Systems Seminar - CSE
Bayesian Logistic Regression in Text Classification and Mining (Plus A Big New Test Collection)
Bayesian logistic regression allows incorporating task knowledge through model structure and priors on parameters. I will discuss content-based text categorization and authorship attribution using 1) priors that control sparsity and sign of parameters, 2) priors that incorporate domain knowledge from reference books and other texts, and 3) the use of polytomous (1-of-k) dependent variables.

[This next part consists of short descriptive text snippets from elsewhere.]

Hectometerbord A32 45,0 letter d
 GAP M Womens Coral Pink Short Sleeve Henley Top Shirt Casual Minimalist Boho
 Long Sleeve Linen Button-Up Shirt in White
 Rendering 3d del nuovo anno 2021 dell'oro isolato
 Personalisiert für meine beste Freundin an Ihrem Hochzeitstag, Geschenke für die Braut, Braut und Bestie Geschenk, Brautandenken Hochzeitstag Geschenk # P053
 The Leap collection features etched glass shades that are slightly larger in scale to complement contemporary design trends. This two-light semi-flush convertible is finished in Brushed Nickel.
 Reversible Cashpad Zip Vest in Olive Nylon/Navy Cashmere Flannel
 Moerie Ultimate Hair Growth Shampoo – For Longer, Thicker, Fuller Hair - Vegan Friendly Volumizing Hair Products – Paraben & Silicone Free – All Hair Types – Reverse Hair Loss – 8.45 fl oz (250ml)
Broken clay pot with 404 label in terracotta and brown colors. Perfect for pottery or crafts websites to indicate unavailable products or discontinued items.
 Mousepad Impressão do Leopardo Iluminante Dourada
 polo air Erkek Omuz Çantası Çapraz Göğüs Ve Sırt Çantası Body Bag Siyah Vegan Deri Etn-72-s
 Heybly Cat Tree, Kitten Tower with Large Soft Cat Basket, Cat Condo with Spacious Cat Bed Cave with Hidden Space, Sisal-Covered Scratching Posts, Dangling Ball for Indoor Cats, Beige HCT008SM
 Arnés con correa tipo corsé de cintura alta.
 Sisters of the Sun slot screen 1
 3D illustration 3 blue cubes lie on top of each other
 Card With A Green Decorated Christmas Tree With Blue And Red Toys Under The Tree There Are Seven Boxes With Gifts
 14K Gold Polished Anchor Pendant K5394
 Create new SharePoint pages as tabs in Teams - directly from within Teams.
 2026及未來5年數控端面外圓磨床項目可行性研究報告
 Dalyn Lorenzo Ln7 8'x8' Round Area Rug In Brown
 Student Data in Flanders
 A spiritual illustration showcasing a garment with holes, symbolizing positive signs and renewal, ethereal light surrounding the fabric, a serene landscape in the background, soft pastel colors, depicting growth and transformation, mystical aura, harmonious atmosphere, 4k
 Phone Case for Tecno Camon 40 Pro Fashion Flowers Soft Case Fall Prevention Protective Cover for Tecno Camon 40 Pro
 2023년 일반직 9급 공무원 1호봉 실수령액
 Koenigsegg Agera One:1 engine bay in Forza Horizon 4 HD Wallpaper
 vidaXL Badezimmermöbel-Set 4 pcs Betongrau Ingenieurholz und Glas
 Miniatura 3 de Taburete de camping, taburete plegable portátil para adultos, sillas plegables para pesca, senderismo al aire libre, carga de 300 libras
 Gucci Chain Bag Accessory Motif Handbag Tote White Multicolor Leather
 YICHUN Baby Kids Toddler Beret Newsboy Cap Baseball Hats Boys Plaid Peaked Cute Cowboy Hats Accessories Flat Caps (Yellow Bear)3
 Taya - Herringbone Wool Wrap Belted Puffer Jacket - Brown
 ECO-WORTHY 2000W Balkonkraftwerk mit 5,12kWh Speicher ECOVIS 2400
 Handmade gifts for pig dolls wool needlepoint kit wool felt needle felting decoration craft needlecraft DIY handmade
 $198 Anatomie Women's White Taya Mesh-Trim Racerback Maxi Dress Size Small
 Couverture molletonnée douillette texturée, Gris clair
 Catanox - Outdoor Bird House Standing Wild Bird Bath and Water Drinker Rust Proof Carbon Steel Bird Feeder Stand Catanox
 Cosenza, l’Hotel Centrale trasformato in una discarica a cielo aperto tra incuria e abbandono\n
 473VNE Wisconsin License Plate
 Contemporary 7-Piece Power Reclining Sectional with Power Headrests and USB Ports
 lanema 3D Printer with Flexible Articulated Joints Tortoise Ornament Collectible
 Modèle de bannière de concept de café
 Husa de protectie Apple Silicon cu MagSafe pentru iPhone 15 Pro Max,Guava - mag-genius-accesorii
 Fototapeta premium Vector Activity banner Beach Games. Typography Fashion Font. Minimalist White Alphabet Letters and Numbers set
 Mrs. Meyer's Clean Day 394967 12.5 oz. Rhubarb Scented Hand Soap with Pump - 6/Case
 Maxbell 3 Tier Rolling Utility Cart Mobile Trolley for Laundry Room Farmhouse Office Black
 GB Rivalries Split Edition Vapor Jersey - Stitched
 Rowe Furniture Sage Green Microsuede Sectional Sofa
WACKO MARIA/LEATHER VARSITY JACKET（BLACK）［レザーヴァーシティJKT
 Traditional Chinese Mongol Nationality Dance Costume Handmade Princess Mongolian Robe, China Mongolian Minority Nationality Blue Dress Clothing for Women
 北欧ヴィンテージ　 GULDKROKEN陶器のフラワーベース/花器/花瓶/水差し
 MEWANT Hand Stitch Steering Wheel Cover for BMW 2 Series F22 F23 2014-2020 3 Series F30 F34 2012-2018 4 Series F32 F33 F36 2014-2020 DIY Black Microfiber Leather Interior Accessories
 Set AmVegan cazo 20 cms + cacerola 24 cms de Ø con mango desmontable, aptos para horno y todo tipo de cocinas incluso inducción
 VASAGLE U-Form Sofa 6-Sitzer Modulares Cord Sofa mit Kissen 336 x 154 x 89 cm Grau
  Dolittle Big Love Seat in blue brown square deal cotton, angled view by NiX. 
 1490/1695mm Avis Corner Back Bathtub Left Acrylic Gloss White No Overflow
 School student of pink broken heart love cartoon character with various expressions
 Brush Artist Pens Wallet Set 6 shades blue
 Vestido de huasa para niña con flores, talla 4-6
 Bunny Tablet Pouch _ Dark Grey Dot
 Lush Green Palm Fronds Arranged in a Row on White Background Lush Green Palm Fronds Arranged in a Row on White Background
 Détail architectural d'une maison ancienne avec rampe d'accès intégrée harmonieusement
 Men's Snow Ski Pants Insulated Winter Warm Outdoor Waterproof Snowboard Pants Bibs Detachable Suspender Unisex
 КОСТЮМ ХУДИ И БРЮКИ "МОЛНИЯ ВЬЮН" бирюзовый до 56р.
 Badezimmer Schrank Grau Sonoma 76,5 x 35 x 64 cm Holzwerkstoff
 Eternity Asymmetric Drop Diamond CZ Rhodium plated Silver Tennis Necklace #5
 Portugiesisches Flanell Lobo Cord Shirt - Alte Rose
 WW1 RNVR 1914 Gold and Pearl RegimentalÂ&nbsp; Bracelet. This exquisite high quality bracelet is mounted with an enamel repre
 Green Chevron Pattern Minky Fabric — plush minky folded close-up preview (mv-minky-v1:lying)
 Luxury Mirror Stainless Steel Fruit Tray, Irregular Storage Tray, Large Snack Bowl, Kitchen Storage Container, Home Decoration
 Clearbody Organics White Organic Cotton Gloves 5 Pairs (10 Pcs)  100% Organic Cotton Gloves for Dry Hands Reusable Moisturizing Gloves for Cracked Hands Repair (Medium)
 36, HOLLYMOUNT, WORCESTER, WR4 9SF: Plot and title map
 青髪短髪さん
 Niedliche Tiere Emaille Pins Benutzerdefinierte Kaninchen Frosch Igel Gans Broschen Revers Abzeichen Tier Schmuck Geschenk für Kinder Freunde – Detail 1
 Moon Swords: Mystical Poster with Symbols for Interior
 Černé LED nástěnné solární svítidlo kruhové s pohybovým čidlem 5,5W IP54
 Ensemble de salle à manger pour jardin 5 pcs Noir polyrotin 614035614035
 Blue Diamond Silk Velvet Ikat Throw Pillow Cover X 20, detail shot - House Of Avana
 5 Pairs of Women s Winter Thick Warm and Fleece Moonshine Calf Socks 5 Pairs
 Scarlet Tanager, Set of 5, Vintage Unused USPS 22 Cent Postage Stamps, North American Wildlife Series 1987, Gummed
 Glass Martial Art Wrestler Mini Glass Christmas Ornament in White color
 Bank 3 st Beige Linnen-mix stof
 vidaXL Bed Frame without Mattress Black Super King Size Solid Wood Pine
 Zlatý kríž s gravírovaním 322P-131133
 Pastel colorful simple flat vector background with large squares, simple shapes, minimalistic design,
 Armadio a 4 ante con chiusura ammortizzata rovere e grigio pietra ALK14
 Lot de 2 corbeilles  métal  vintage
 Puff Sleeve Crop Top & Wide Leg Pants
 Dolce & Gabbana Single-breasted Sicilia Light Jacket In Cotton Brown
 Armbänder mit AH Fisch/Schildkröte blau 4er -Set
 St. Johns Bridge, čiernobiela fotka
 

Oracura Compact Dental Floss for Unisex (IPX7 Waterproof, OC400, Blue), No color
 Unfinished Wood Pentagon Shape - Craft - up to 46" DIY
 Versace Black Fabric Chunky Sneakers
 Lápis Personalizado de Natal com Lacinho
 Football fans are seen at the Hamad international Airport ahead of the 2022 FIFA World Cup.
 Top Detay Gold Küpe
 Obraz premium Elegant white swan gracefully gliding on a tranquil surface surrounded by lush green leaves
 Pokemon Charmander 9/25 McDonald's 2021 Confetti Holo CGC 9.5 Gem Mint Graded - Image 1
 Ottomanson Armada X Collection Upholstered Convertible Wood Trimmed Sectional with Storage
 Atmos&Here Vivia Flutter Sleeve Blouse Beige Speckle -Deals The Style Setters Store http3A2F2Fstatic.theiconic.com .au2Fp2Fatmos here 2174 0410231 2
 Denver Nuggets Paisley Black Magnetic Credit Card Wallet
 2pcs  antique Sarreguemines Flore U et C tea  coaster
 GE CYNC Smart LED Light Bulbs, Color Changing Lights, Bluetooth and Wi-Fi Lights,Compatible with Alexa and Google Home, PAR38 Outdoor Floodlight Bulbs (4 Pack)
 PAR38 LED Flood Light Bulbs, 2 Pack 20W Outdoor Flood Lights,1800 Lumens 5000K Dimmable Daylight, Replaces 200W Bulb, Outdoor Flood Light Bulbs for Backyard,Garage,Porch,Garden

All experiments were performed with our open-source programs, BBR and BMR, which can fit models with millions of parameters. (Joint work with David Madigan, Alex Genkin, Aynur Dayanik, Dmitriy Fradkin, and Vladimir Menkov at Rutgers and DIMACS.)
I will also briefly discuss the IIT CDIP (Complex Document Information Processing) test collection, which I am developing under an ARDA subcontract to Illinois Institute of Technology. It is based on 1.5TB of scanned and OCR'd documents released in tobacco litigation, and will be a major resource for research in information retrieval, document analysis, social network analysis, and perhaps databases. (Joint work with Gady Agam, Shlomo Argamon, Ophir Frieder, Dave Grossman, and a cast of hundreds.)
Dave Lewis is based in Chicago, IL, and consults on information retrieval, data mining, and natural language processing. He previously held research positions at AT&T Labs, Bell Labs, and the University of Chicago. He received his Ph.D. in Computer Science from the University of Massachusetts, Amherst, and did his undergraduate work down the road at Michigan State.